Problem to solve: The answer is an exact repeat of the entries below, with the pictures omitted.

Records shown:
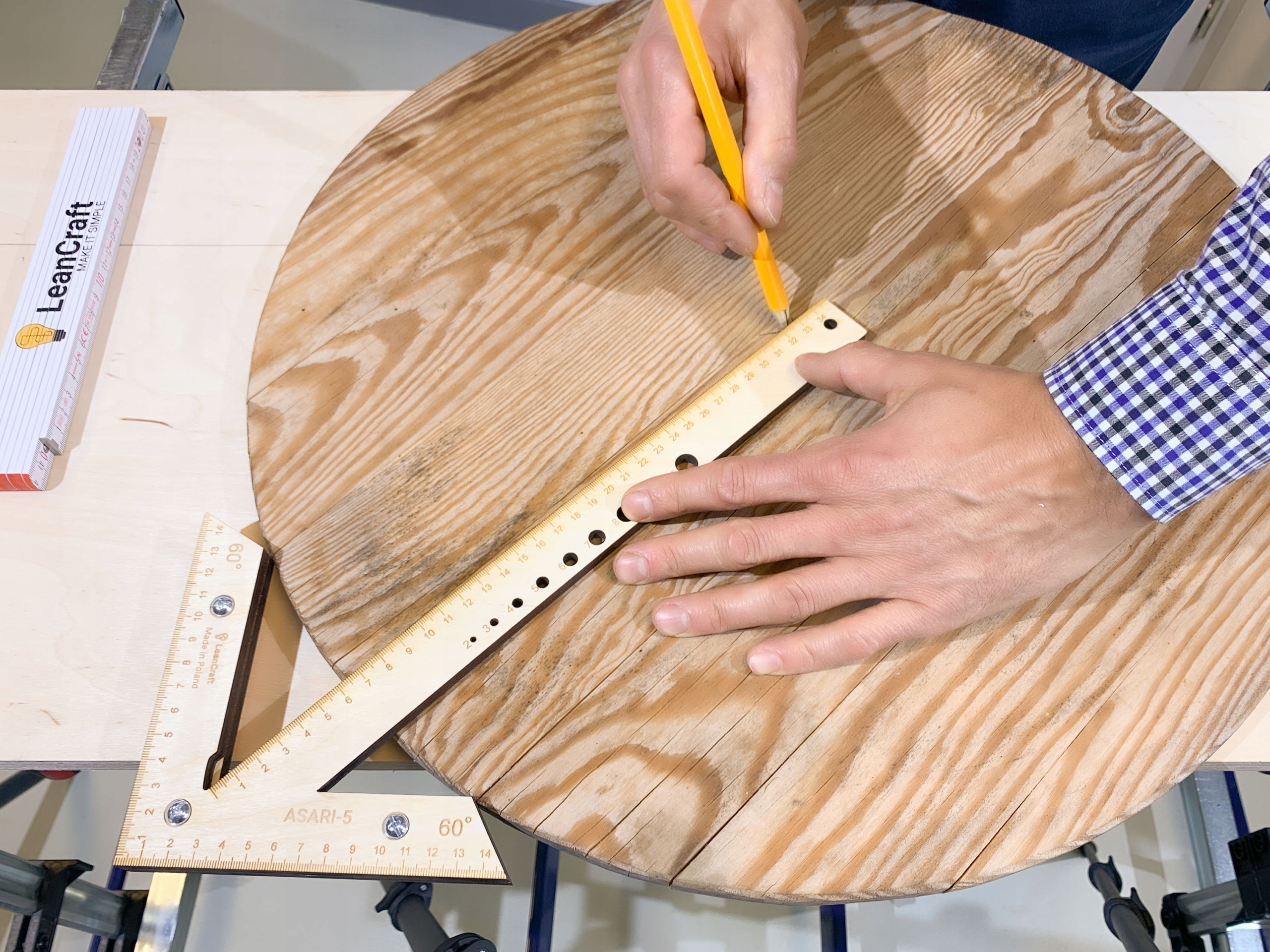 

Kątownik ASARI-5 do centrowania środkownik 350 mm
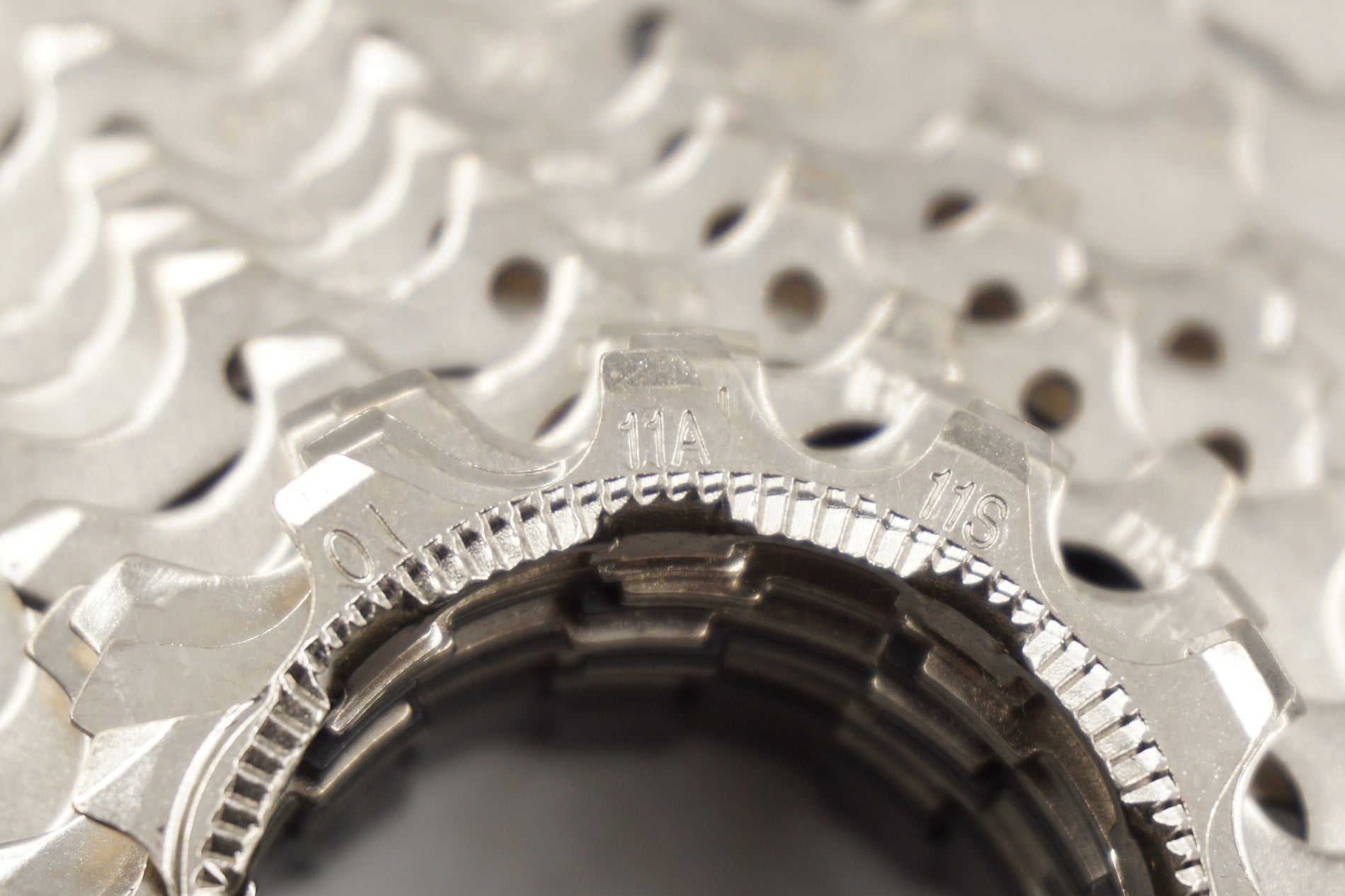 SHIMANO 「シマノ」 105 CS-5800 11-32T スプロケット / 奈良店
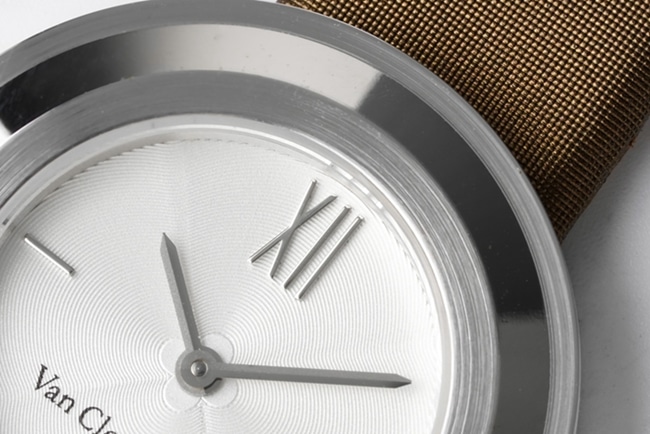 top-tier Van Cleef & Arpels women's white dial brown belt Charms Gold series quartzleather strap watch detail shots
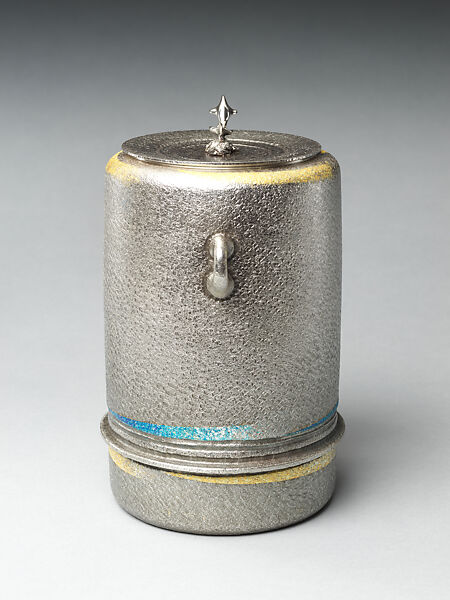 Silver Freshwater Jar with Dolphin (Nanryō irukamon mizusashi), Miyata Ryohei 宮田亮平 (Japanese, born 1945), Hammered silver with gold foil, Japan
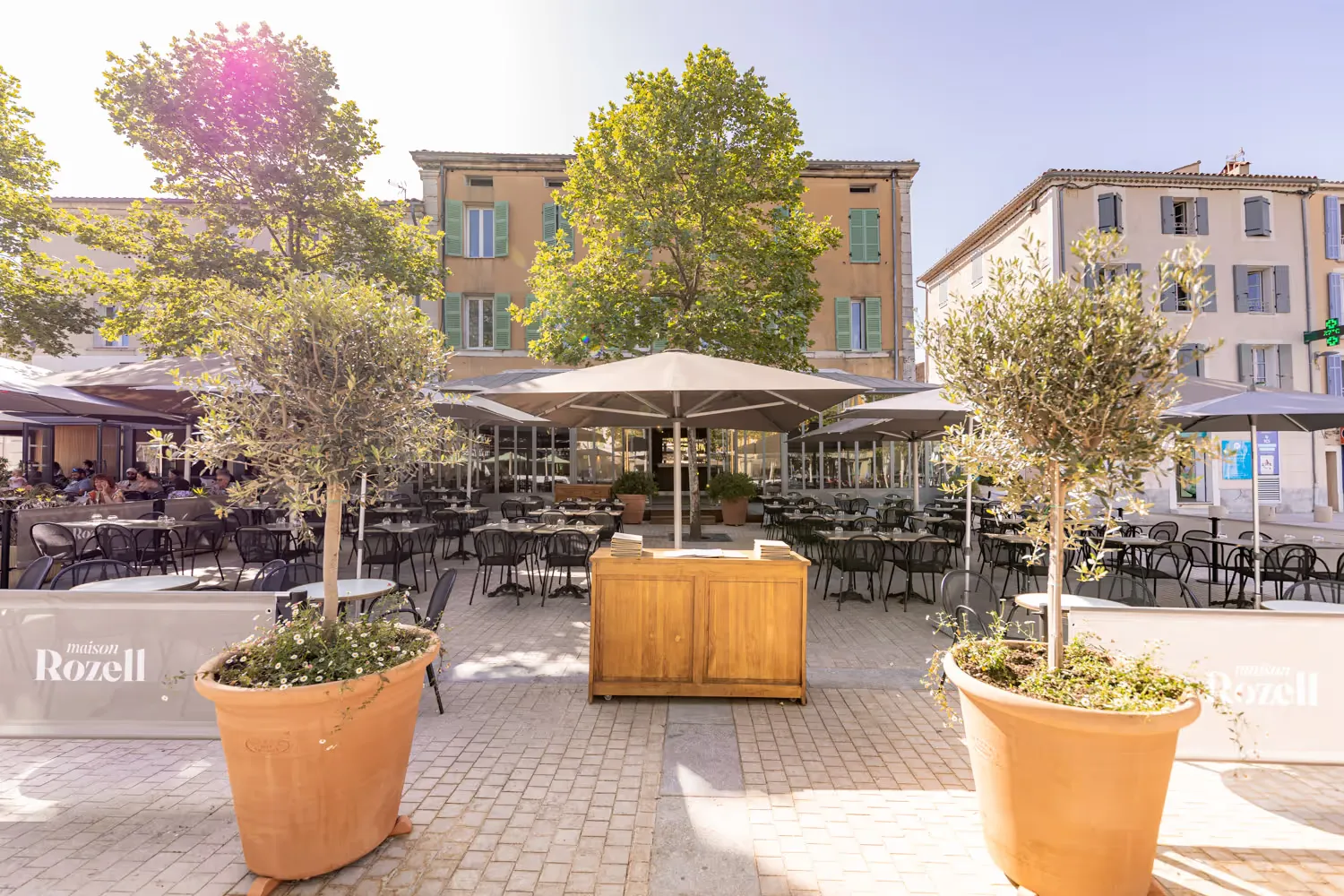 La terrasse ombragée de la place Malherbe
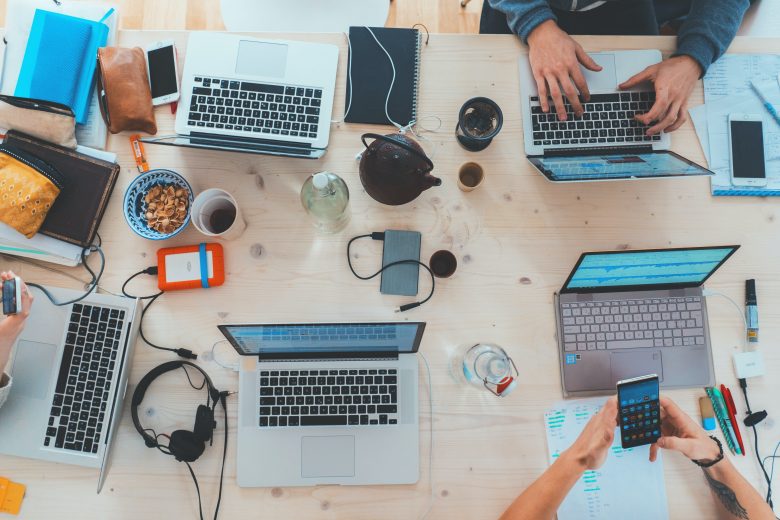 Customizing content for each person in social media | 
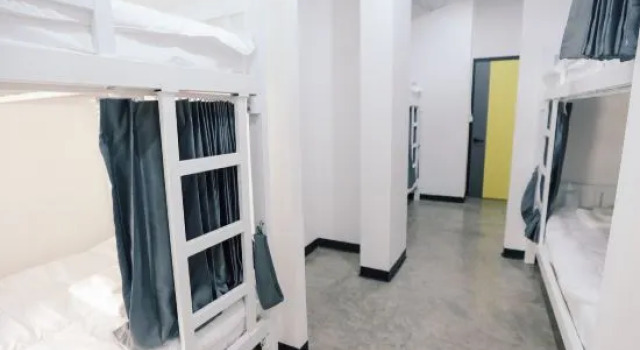 Кровать в общем номере (мужской номер) G5 Hostel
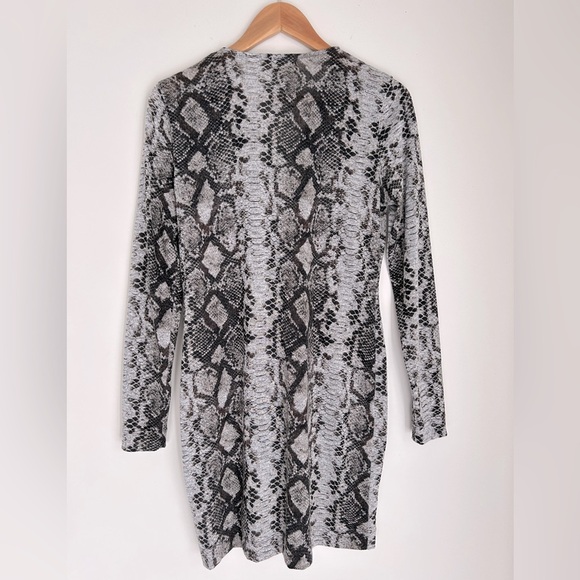 Beautiful Michael Kors V neck Snakeskin Pattern Long Sleeved Dress - Picture 2 of 5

Your solution:
Kątownik ASARI-5 do centrowania środkownik 350 mm
 SHIMANO 「シマノ」 105 CS-5800 11-32T スプロケット / 奈良店
 top-tier Van Cleef & Arpels women's white dial brown belt Charms Gold series quartzleather strap watch detail shots
 Silver Freshwater Jar with Dolphin (Nanryō irukamon mizusashi), Miyata Ryohei 宮田亮平 (Japanese, born 1945), Hammered silver with gold foil, Japan
 La terrasse ombragée de la place Malherbe
 Customizing content for each person in social media | 
 Кровать в общем номере (мужской номер) G5 Hostel
 Beautiful Michael Kors V neck Snakeskin Pattern Long Sleeved Dress - Picture 2 of 5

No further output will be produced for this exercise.